The Data Protection Act 2018 (DPA18) requires the UK's Information Commissioner to prepare a number of Codes of Practice to assist with specific types of data processing. S.121 requires the ICO to prepare a Code of Practice on standards of age appropriate design of relevant information society services which are likely to be accessed by children.
The Code owes its existence in large part to a number of campaigners who insisted on amendments to the DPA18 as it was going through Parliament. 5Rights, one of the most prominent groups, described the Code as "a new deal between children and the tech sector" adding "It will redress the balance between the needs and safety of children and the commercial interests of online services". In developing the draft Code the ICO was required to consult with relevant organisations as well as parents and children and to consider the UK's obligations as a signatory to the United Nations Convention on the Rights of the Child.
The ICO has published its final version (subject to Parliamentary approval) of its Age Appropriate Design Code of Practice for online services. The Code now has to be laid before Parliament. It will take effect following Parliamentary approval after which businesses will have twelve months to implement necessary changes.
The Code applies to providers of information society services – anyone providing online products or services, including apps, programs, websites, games or community environments and connected toys and services with or without a screen that process personal data and are likely to be accessed by children, search engines, streaming services, and news or educational websites (subject to limited exceptions).

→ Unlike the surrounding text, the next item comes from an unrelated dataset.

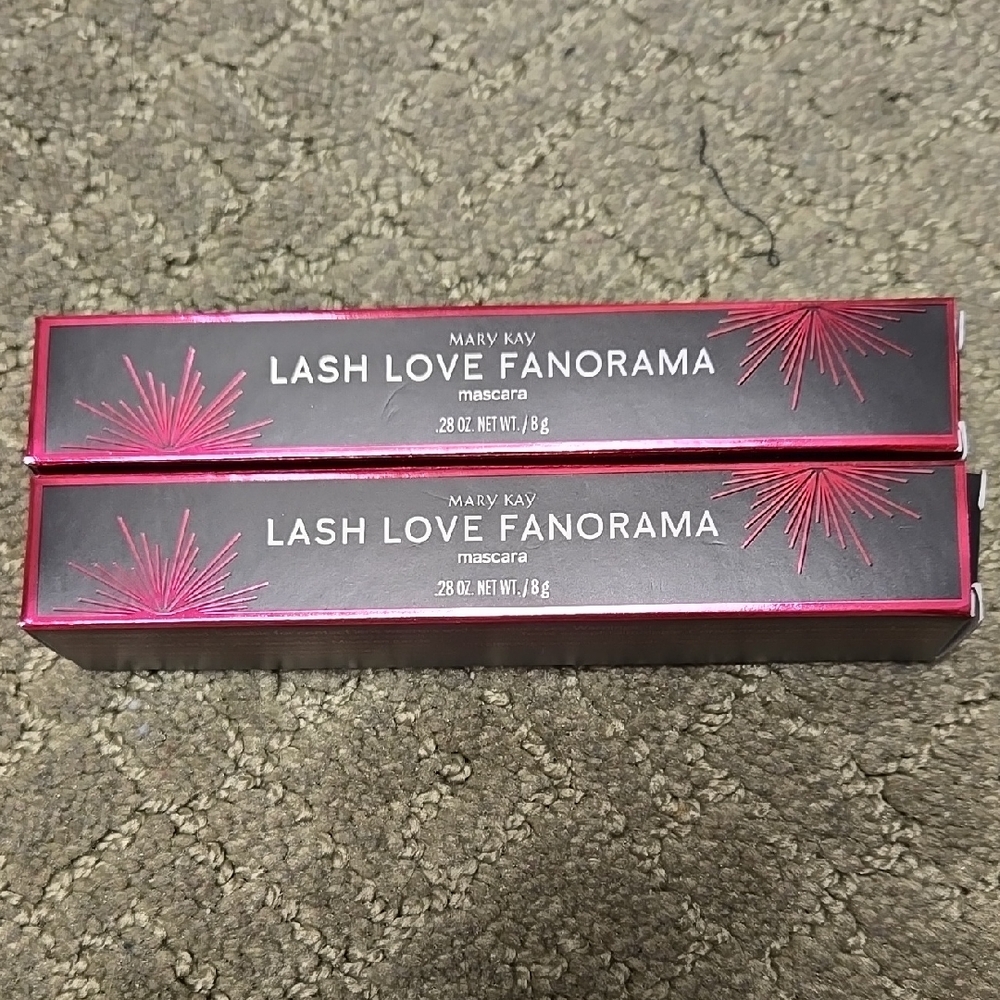 Mary Kay Lash Love Fanorama Mascara - Black - 2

The Code is not restricted to services specifically directed at children but applies to those likely to be accessed by children (ie where access by children is more probable than not).
The Code sets out 15 standards of age appropriate design reflecting a risk-based approach. The focus is on providing default settings which ensure children have the best access to online services while minimising data collection and use by default. It also aims to ensure children get the right information and guidance about changing their privacy settings and that their data is properly protected.
If you provide an information society service caught by the Code, you will have twelve months following Parliamentary approval, to comply with it. The Code is not restricted to services specifically directed at children but applies to those likely to be accessed by children (ie where access by children is more probable than not) so the first step is to decide whether or not you need to comply, preferably by carrying out a DPIA so you can demonstrate compliance.
One of the challenges is finding ways to comply with the Code while also respecting principles of data minimisation and it's worth remembering that the Code reaches beyond the confines of strict data protection issues to cover techniques which might (whether deliberately or not) encourage children to provide more personal data than they need to.